First it was Chowpatty, the historic beachfront in South Mumbai where trees were cut down so couples couldn’t hang out, then the furore over Valentine’s Day, the ban on dance bars in 2005, and this year, the attempt to proscribe lingerie clad mannequins. That the nouveau political class in Maharashtra can’t see the wood for the trees has been proven time and again. Caught in a cauldron of poverty and helplessness, something the State government lacks the willpower to address, it is young women, real or lifelike, who bear the brunt of the State’s ire. When Maharashtra Home Minister R.R. Patil took the moral low ground and decided to ban dance bars, ostensibly to deter young Maratha and other men from squandering currency notes over dancing women, there was justifiable outrage. Everyone wept over this attempt to kill the city’s famed nightlife. Some fretted over the fate of the bar owners and staff. Above all, there were worries about the fate of the young women who danced there for a living. Mumbai is home to Kamathipura, a ramshackle conglomeration of houses and streets where women sell their bodies for a pittance. Mr. Patil is not outraged by the fact that hundreds of garishly made up women, many of them trafficked minors, stand on the streets every day waiting for customers.
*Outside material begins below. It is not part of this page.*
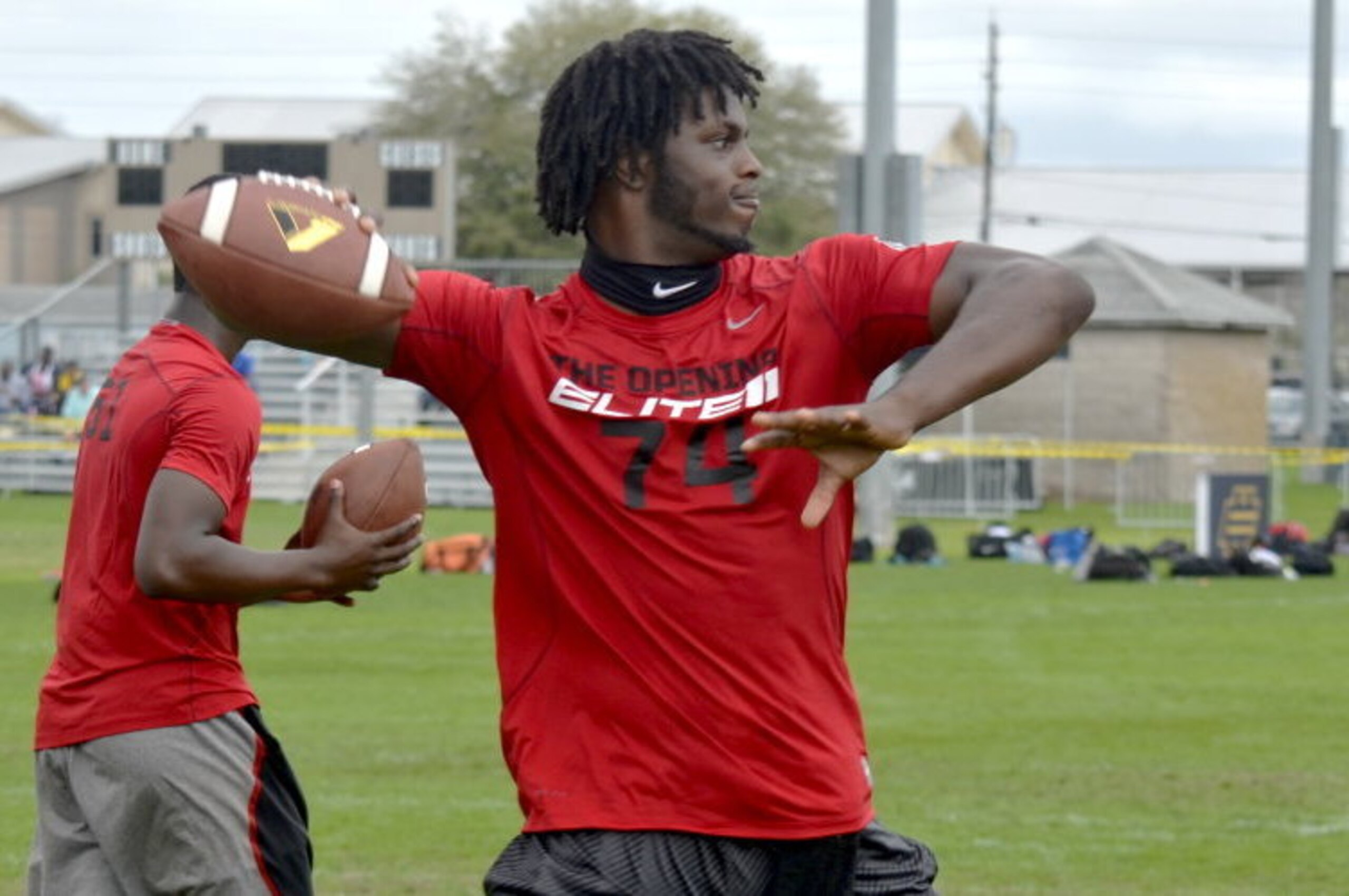 Barrett is a rising star among 2016 quarterbacks.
His government will not dream of passing a law that criminalises the men who frequent these places, as some countries have done.

Most of the women in Kamathipura and in the dance bars come from the border areas of Karnataka where the Devdasi tradition acts as a catalyst, from the North, Nepal or West Bengal. Poverty is among the strongest factors driving them into the city. The dance bars offered many women the possibility of hope in their otherwise desolate lives, but not for long. The State government is impervious to the plight of these women, and while it criminalises prostitution and bans dancers, it is slow to prosecute brothel owners or pimps and traffickers. Some law enforcers even believe that rapes would increase if prostitution were to be shut down. In this patriarchal and unconscionable scenario, Mr. Patil is a shining beacon, a symbol for everything that is wrong with our political culture. Both the Bombay High Court and the Supreme Court have put him in his place but he is not giving up. As Chief Justice Altamas Kabir said in his judgment, the cure is worse than the disease as many of the dancers were forced into the sex trade after the ban. The apex court has ruled wisely. The Maharashtra government must address the disease instead of grandstanding.